Gospel great Calvin Bridges rocked Captain Hardtimes on 79th St.

Captain Hardtimes  Restaurant
Captain Hardtimes Restaurant May be living out its name

Gospel Great Calvin BridgesRocked Captain Hardtimes on 79th St.

Organizers seek to save Black eatery
By Chinta Strausberg
Josephine’s Cooking Restaurant, aka Captain Hardtimes, rocked 79th Street Sunday as hundreds of people attended her second anniversary Stepper’s Gospel brunch featuring the acclaimed and internationally known Calvin Bridges.
People were dancing by the stage, in the aisles and at their tables as Bridges belted out one hit song after another.
In an effort to help save a black-owned restaurant, owned by Josephine Wade and her son, Victor Love, the event was organized by George Smith aka King George and promoter Cliff Pierce. They are planning a Stepper’s Gospel all you can eat brunch every fourth Sunday at the restaurant located at 436 E. 79th St.
Saying he chose Josephine’s to hold the brunch because several black-owned restaurants have closed coupled with the fact that he grew up in the neighborhood.
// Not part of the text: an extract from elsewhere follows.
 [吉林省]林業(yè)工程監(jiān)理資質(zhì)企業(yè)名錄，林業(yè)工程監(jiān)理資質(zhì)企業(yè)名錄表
After meeting Wade and Love, Smith said he wanted to bring his brunch back to the city.
But, it is also a way to help sustain one of the few black-owned soul food restaurants in Chicago. “When I grew up there were black businesses everywhere, and my thing is to bring stuff back to the community. I don’t want to take it to the suburbs or downtown. I want it to be like the time I grew up.”
Wade called the Stepper’s Gospel brunch “spectacular. I am appalled at African American restaurants, businesses and retail because we don’t do services and goods where we sleep and among ourselves. We support every ethnic group other than our own, and we just have a dying community right now and I do not think it has anything to do with crime,” she said.
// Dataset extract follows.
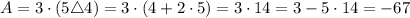 A=3\cdot (5\triangle 4)=3\cdot (4+2\cdot 5)=3\cdot 14=3-5\cdot 14=-67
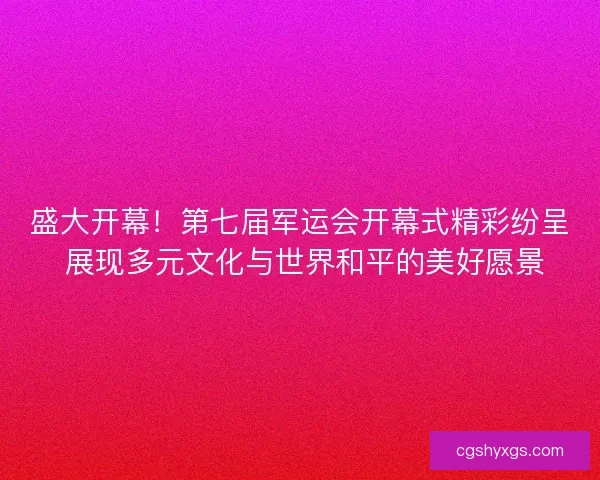 盛大开幕！第七届军运会开幕式精彩纷呈 展现多元文化与世界和平的美好愿景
To those who blame her and other black restaurant owners of not advertising or marketing their eateries, Wade said, “The Original Pancake House never came to my door to dine…but we remember to go. I refuse to do pluggers or flyers because we’ve been here 50-years. Most people know where Captain Hardtimes is.
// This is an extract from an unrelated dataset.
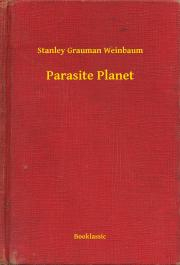 Svetová beletria Parasite Planet - Weinbaum Stanley Grauman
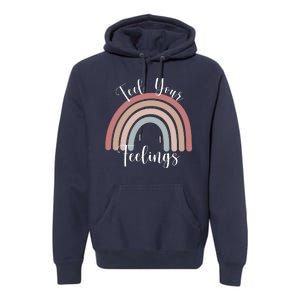 Feel Your Feelings Rainbow Premium Hoodie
“Every nationality restaurant is full with African American dining but in our own neighborhoods,” Wade said. Saying she didn’t open up her restaurant to get rich not having a salary in 11-years, Wade said she prides herself on preparing fresh cooked food and nothing from the can “because your intake is a vessel and it works with what you put in it. If you put sales products in it, you’ll come out seeing the doctor.
“I’ve never bought food on sale, and I cook raw cooked to order every day. I hope one day that Blacks could see the economic growth” that lies in the African American community, she stated. “We’ve given $1 trillion industry to people who don’t look like us and that is a lot of money.
“There are businesses that don’t have parking and it is storefront next to storefront and all of them are doing well because white folks will support what’s in their neighborhoods. I want to see people of color support their own (stores) in their communities,” said Wade.